Larry Levine was killed by a lone gunman at Umpqua Community College while teaching Writing 115, an introductory class that I would describe as “Freshman Comp.” I was an adjunct freshman comp instructor at Massasoit Community College almost forty years ago, and I remember what it was like to offer students the possibility of authority through writing. Many considered themselves “bad” at writing, and, by extension, “bad” at thinking. I tried to invest them with confidence in their perceptions and voice, while teaching them how best to express and develop them.
Writing, whether expository or creative, opens a channel for students that remains closed elsewhere. Sometimes this involves confession; sometimes it involves aggression. Twice during my semesters at Massasoit I personally brought students to Health Services for counseling. One student had emigrated from Greece and had been sexually abused by a high school teacher. The other, a very young single mother, was overcome by family that shamed her constantly. They wrote about suicide; I was their audience, and, frightened, I had to respond.
I’ve also faced aggression. As director of Creative Writing and the MFA program at UMass Boston, every year I had to deal with—and teach my TAs to deal with—what the university calls “disturbed and disturbing students.” My first year as director, a visiting writer was so unnerved by hostile emails from a student that she requested security outside her classroom and an escort to the parking lot. Luckily, the student dropped out. A new assistant professor showed me love poems directed to her from a student in her workshop, as did an MFA TA—both women, as was the visiting writer. That two of these three students dropped their classes relieved me as a supervisor, but left me anxious about how to confront their harassment safely if they hadn’t.

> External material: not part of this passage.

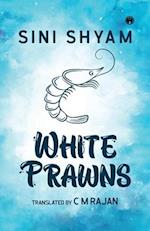 White Prawns 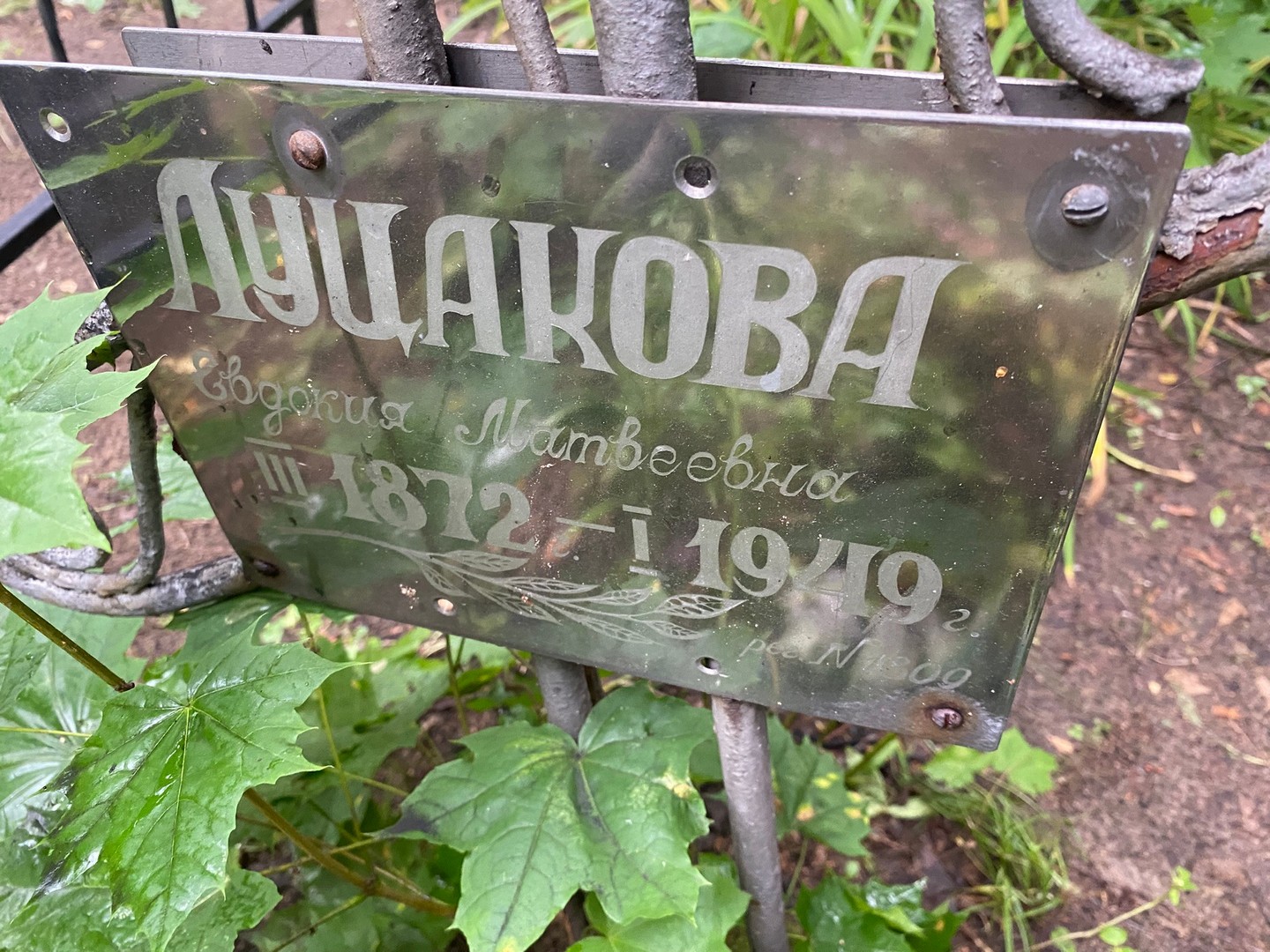 Луцакова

Sources report that the Umpqua killer enrolled in Larry Levine’s class, but not if he attended. It’s not clear whether, as at Virginia Tech, the shooter’s writings raised concerns; the term at Umpqua had just begun. But for years, ill-paid writing instructors have been a select audience for violence within our culture. I don’t know any other category of faculty so likely to deal with painful imaginings and so vulnerable to them. Even when schools develop protocols, which many established after Virginia Tech, writing instructors bear the brunt of revelations they are not professionally trained to handle, putting them in a far more dangerous position than other college teachers.

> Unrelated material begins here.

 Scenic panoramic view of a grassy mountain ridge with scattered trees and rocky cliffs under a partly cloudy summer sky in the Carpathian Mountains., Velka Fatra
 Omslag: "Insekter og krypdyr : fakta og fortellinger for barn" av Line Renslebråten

Those of us who teach writing are alert to material students share in our classes that they won’t share anywhere else. Sometimes it’s heartbreaking; sometimes, terrifying. When we give students authority as writers, we assume responsibility as audience. Writing instructors aren’t psychologists, and no writer wants to be a censor. Yet we’re often the first to know what’s on a student’s mind as we offer tools, and authority, to join conversations from which other venues exclude them.
What to do? In several cases, I held meetings—never alone, and always with my office door open. Sometimes the meeting defused tension. I convinced the TA’s student to admit that he knew it wasn’t appropriate for him to ask his teacher for a date—and to apologize. The violence in another student’s response to a prompt, it became clear, was not personal but an attempt to copy the manga, horror movies, and video games he admired (why he, and our culture, find brutality so admirable is a deeper question). I’ve had the luck of a supportive chair. But I couldn’t begin to sort out on my own how to deal with a truly dangerous student—only that, as a writing teacher, I was more likely to discover the signs of one than my colleagues in history, chemistry, or classics.
Correction: I wrote earlier that Larry Levine was the killer’s first victim. An eyewitness interviewed on CNN today contradicted this.